I’ve also been rethinking what an advanced yoga practice means as I’ve learned more about yoga and the history of yoga. It’s sobering to remember that once upon a time, “asana” just referred to seated lotus, and that was the one and only pose in yoga. Even as the number of asanas expanded to include many of the poses we’re familiar with today, asana was never an end in itself, but a means to the true end of yoga: Samadhi.
Frequently, in a modern yoga class, it’s easy to lose sight of the more subtle (and, arguably, more important) possibilities of the yoga practice. Of course, there’s nothing wrong with merely doing yoga for exercise. But, as one of my teachers used to say, if you do yoga without the special mindfulness of a yogi, you’re not really doing yoga, you’re doing Indian calisthenics. (Actually, to be perfectly accurate, the yoga we practice today is not uniquely Indian calisthenics, but an amalgam of British Navel exercises from the 19th century, gymnastics, and other relatively modern forms of exercise.)

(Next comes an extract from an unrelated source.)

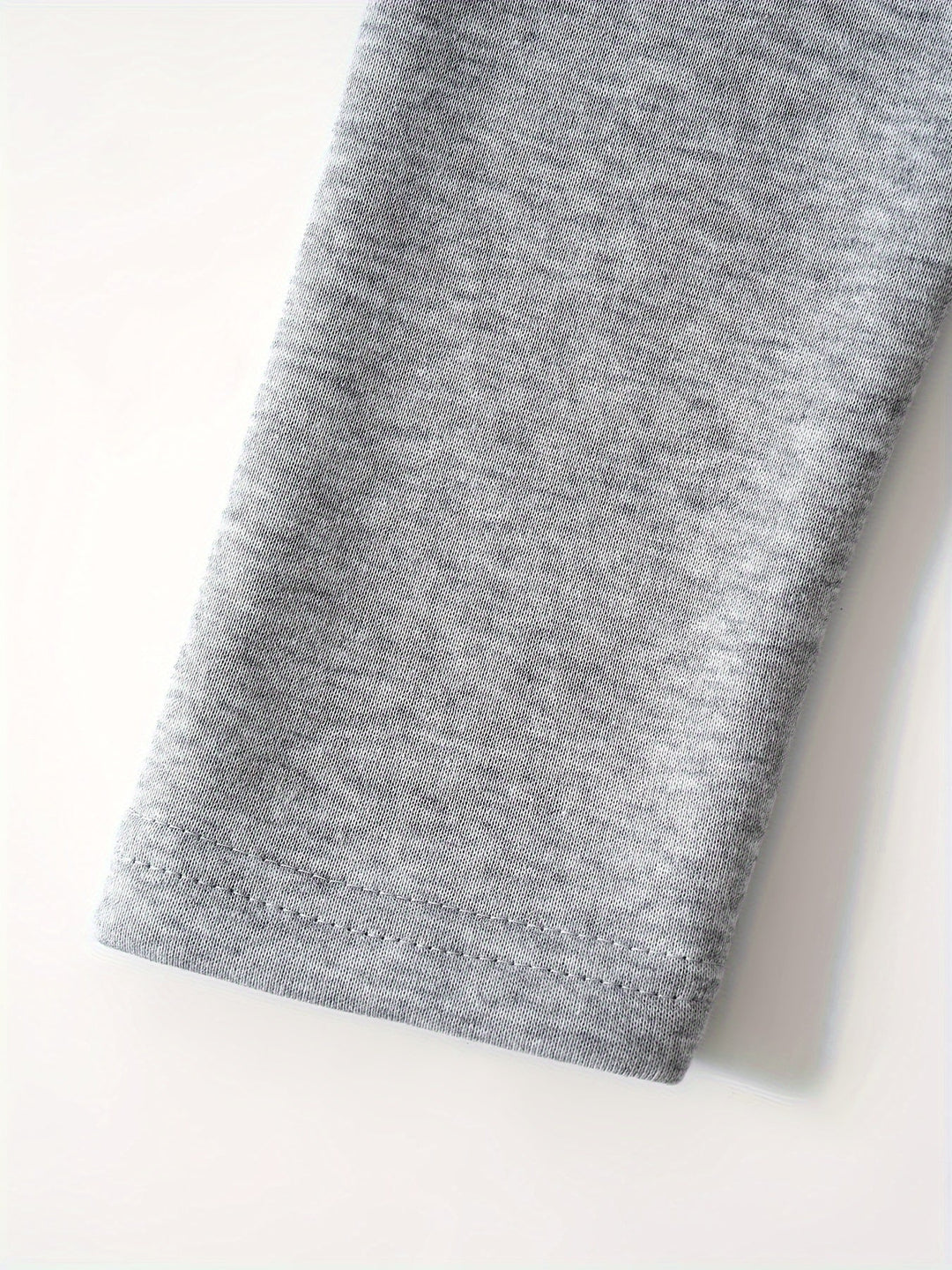 Casual Elegance Cardigan – with Hood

So what is an advanced yoga practice? I like to think of it like this: In an advanced yoga class, the practice tends to be more physical, but it’s also less about the physical. To put it another way, in an advanced yoga class, we’re trying to be less attached to the physical body. Attachment to the physical body can manifest in a number of ways. Below, I’ll consider the two ways in which this usually happens. I call these “soft attachment” and “hard attachment”. Both forms of attachment can be quite intense, and in that sense they can both be strong attachments. Typically, people tend towards either soft or hard attachment, but usually, from what I’ve observed in myself and in my students, most people exhibit both forms of attachment.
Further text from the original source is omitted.